= Given information =
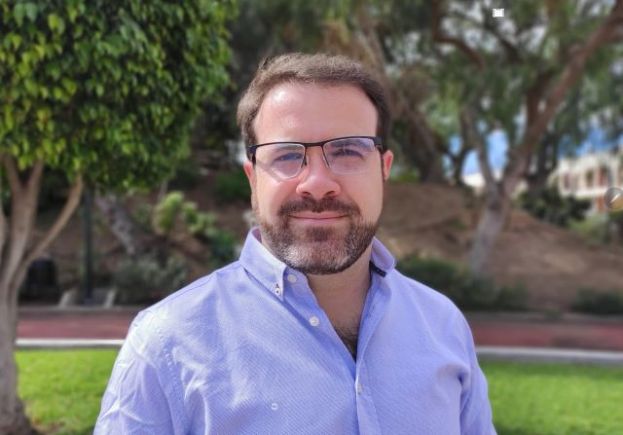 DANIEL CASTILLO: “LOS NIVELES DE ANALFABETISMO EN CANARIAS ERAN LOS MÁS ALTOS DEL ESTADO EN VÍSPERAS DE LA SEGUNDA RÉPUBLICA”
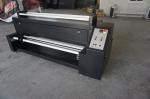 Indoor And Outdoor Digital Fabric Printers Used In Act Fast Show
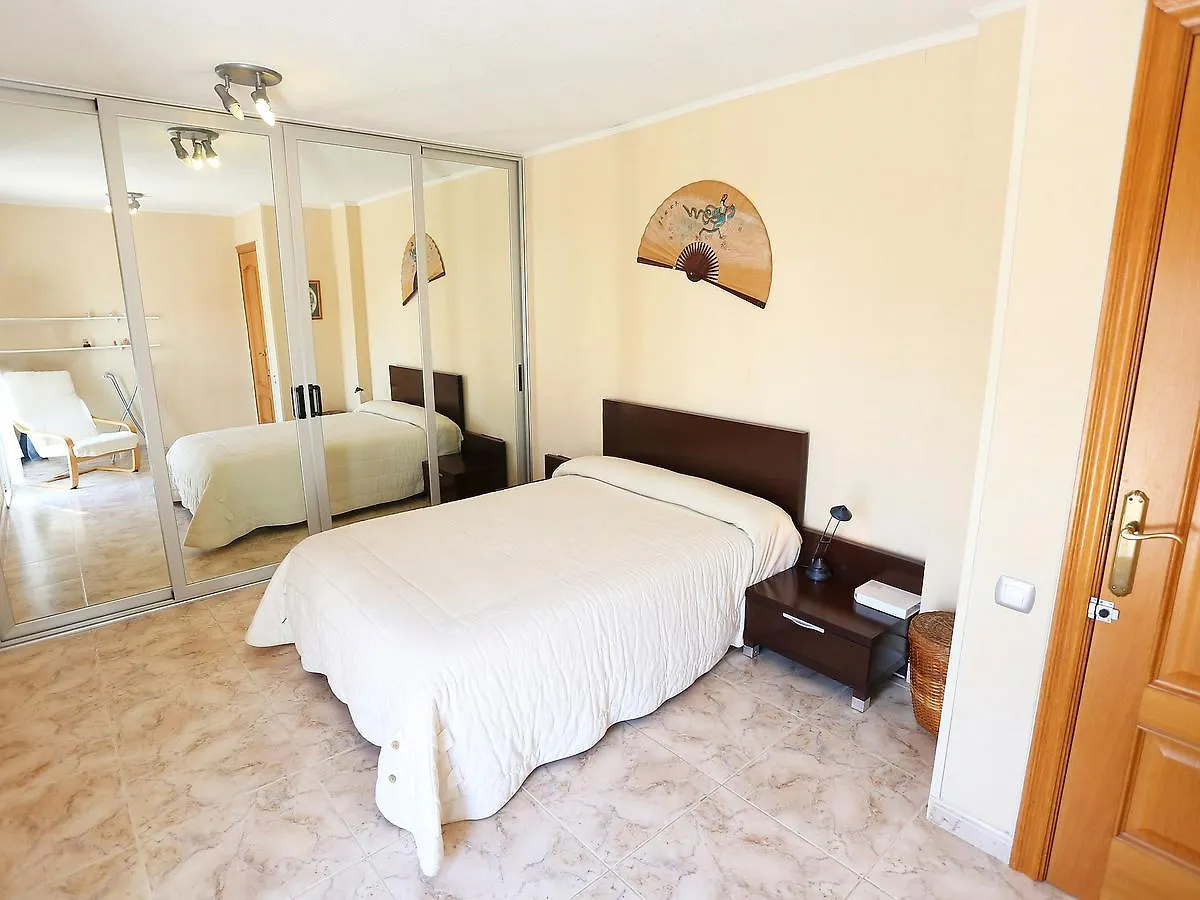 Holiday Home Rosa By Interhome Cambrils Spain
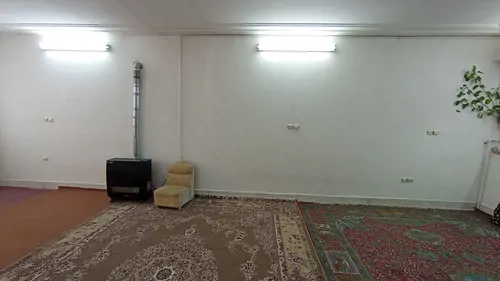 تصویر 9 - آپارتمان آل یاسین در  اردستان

= Exercise instructions =
Repeat all the data as it stands, dropping any images it holds.

= Result of this exercise =
 DANIEL CASTILLO: “LOS NIVELES DE ANALFABETISMO EN CANARIAS ERAN LOS MÁS ALTOS DEL ESTADO EN VÍSPERAS DE LA SEGUNDA RÉPUBLICA”
 Indoor And Outdoor Digital Fabric Printers Used In Act Fast Show
 Holiday Home Rosa By Interhome Cambrils Spain
 تصویر 9 - آپارتمان آل یاسین در  اردستان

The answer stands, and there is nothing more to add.